• [EXERCISE GOAL] Copy the records below exactly, starting at the line that contains "Vintage Genuine Blue" and ending at the line that contains "Pingente Crucifixo em"; leave out any pictures.
══ TASK INPUT
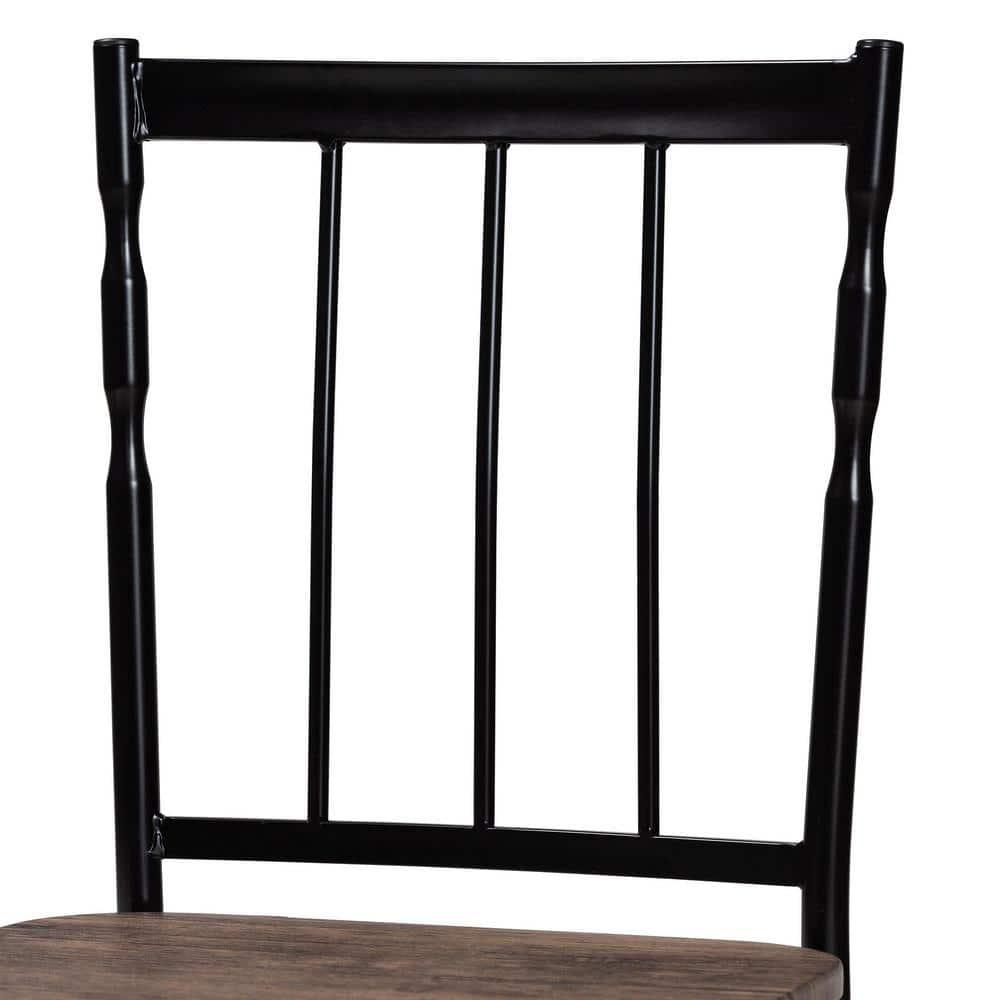 Baxton Studio Nevan Modern Industrial Brown Wood and Metal 5-Piece Dining Set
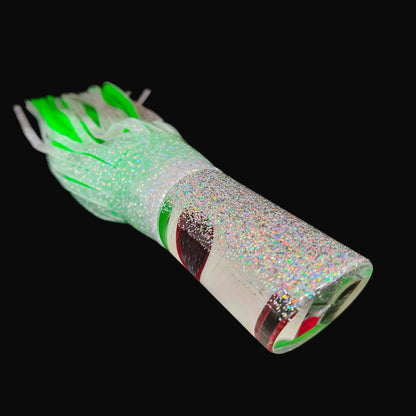 Tantrum Large Tube big game trolling lure with clear/white head and white green-blue ocean rubber skirts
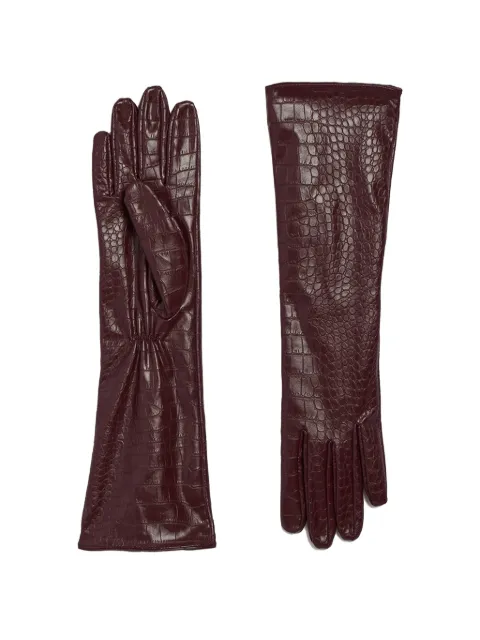 Apparis Gwen croc-effect gloves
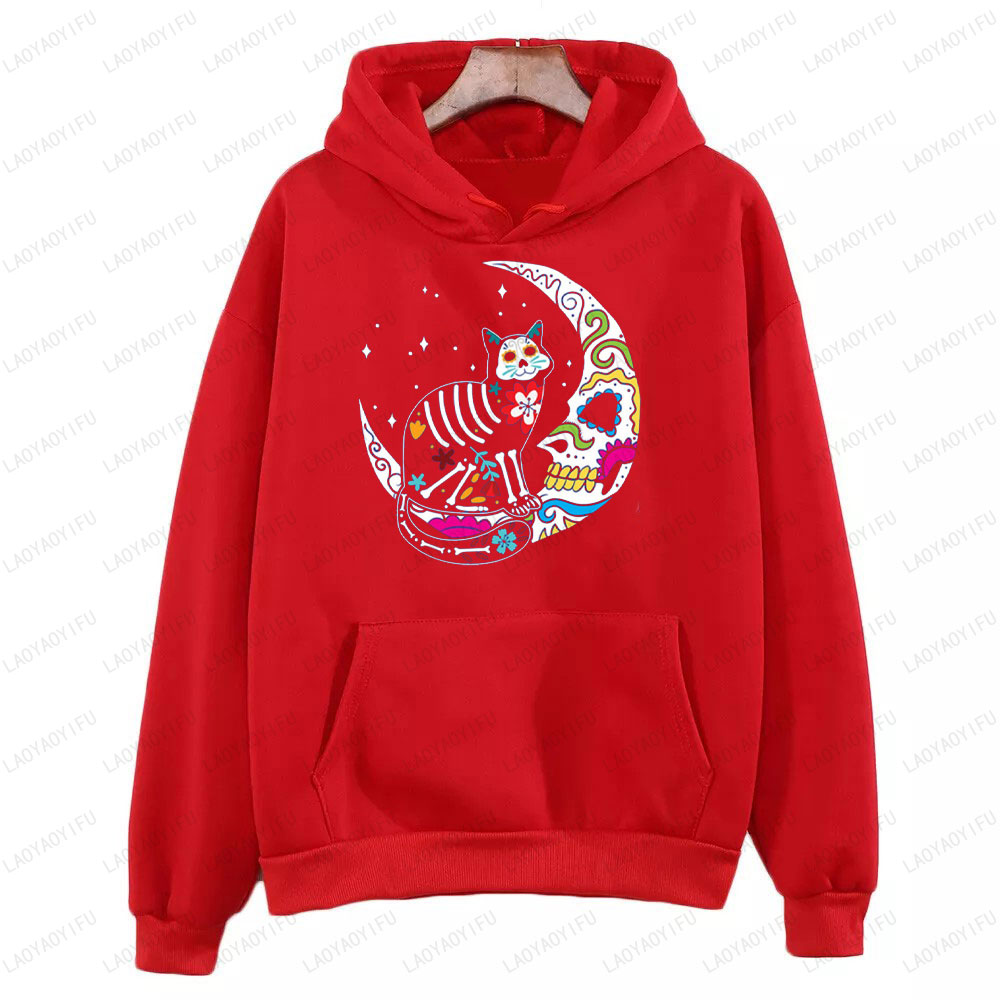 Skeleton Cat and Skull Moon Da - Men'S Fashion For 70 Year Old ulasan dan harga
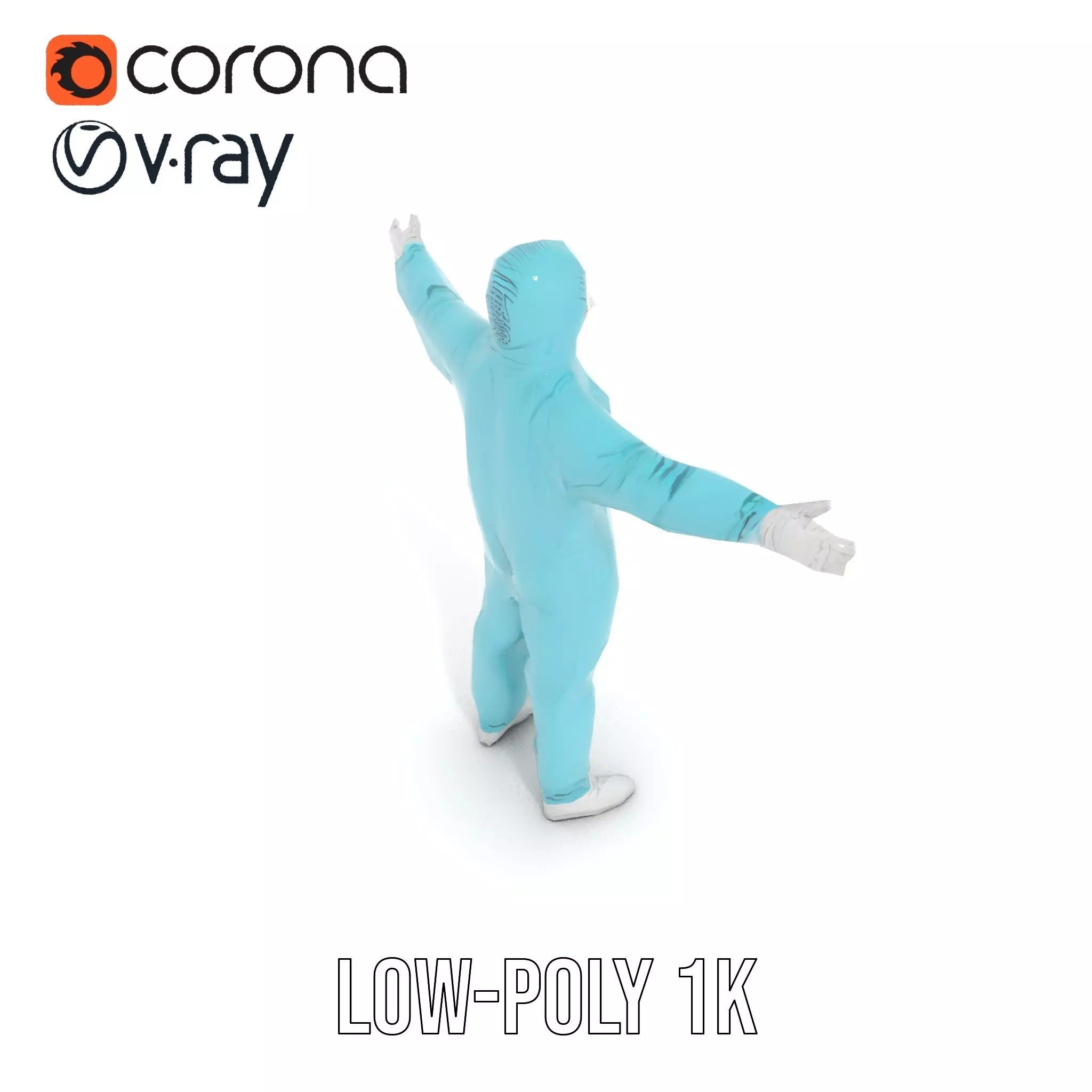 Teal Hazmat Suit model pack Low-poly 3D model_15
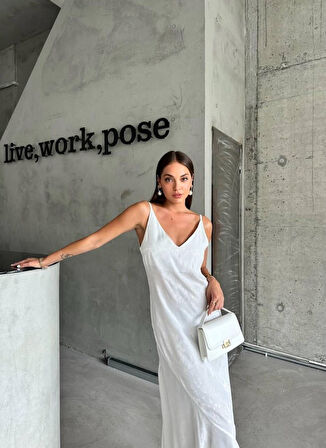 TUA MODA JAKARLI ASKILI SATEN ELBİSE ASİMETRİK - Beyaz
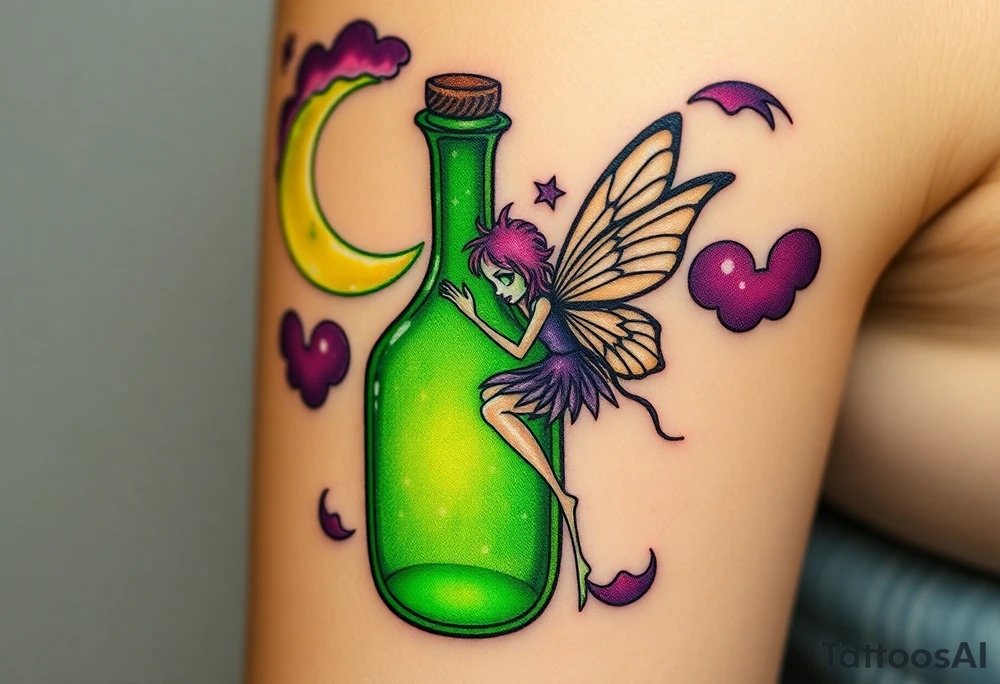 Tim Burton’s green absinthe fairy flitters outside her victorian absinthe bottle it sparkles with magic and dripping with muted reds, dusty pinks, and eerie green glow.purple and cyan smokey clouds swirl in the crescent moonlit sky thats sprinkled with stars tattoo idea tattoo idea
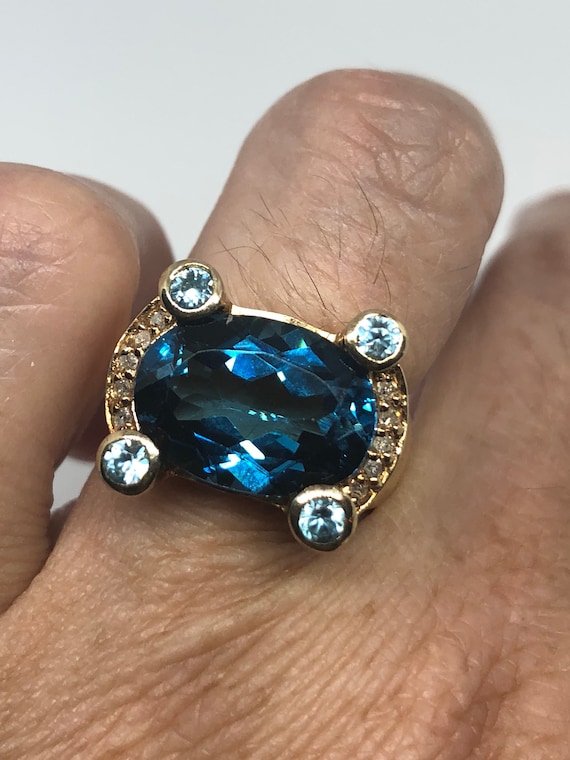 Vintage Genuine Blue Topaz and White Sapphire Golden 925  display picture 1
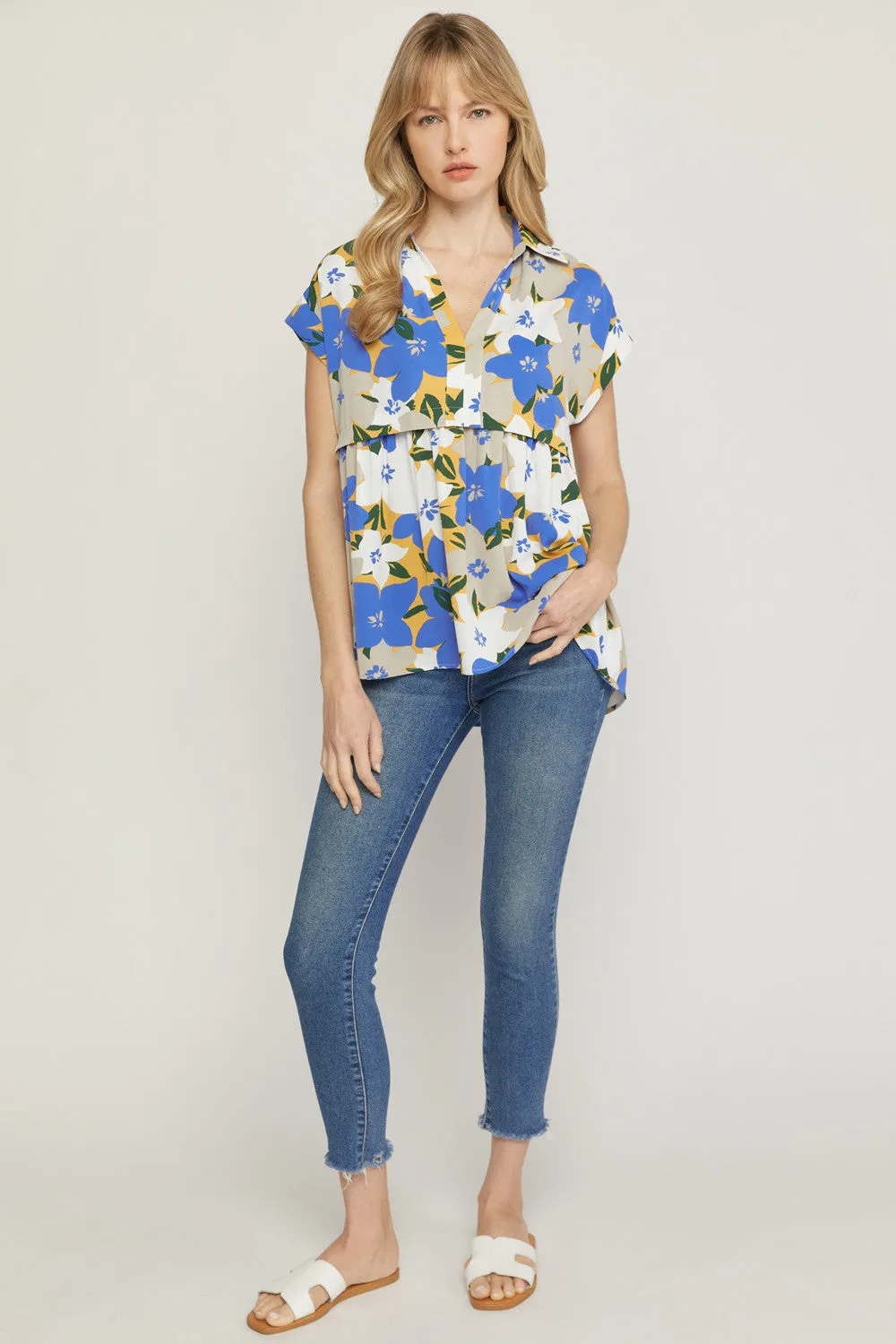 Floral Print V-Neck Top, Blue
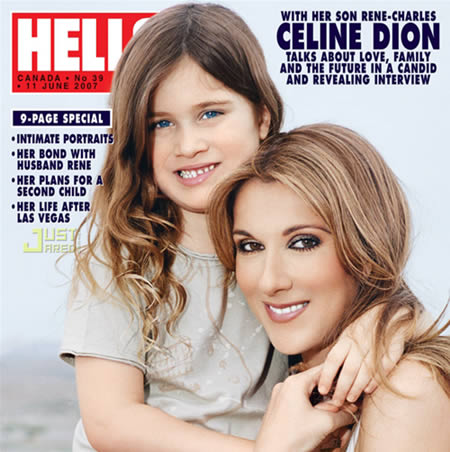 maschiettostranoceline Celine Dion su HELLO con il figlio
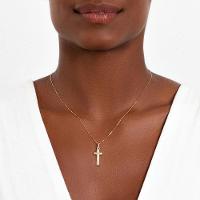 Pingente Crucifixo em Prata 925 com banho de Ouro Amarelo 18k - 2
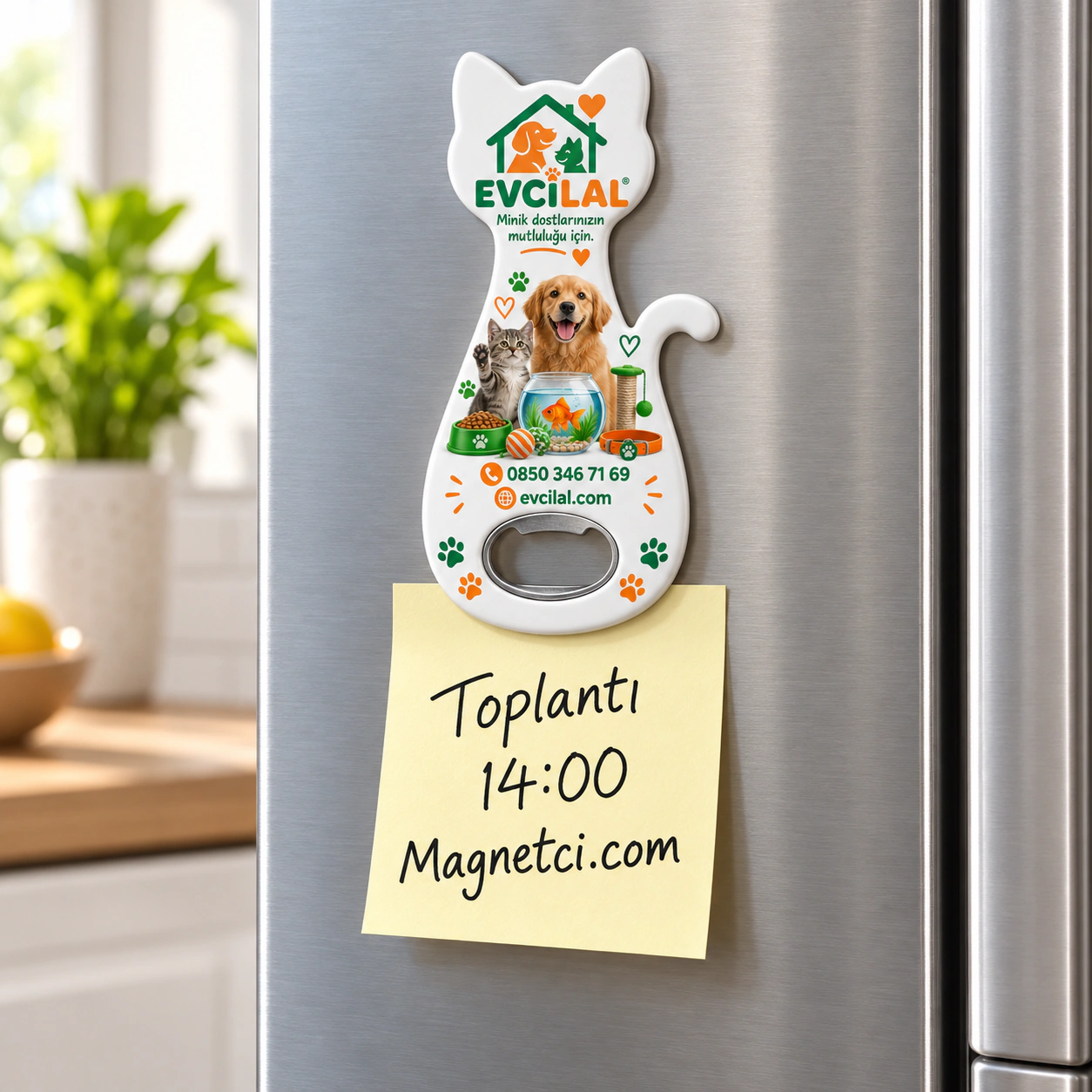 KEDAM-04 kodlu Kedi Açacak Magnet buzdolabında not tutma senaryosu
════
• [ANSWER FOR THE TASK]
 Vintage Genuine Blue Topaz and White Sapphire Golden 925  display picture 1
 Floral Print V-Neck Top, Blue
 maschiettostranoceline Celine Dion su HELLO con il figlio
 Pingente Crucifixo em Prata 925 com banho de Ouro Amarelo 18k - 2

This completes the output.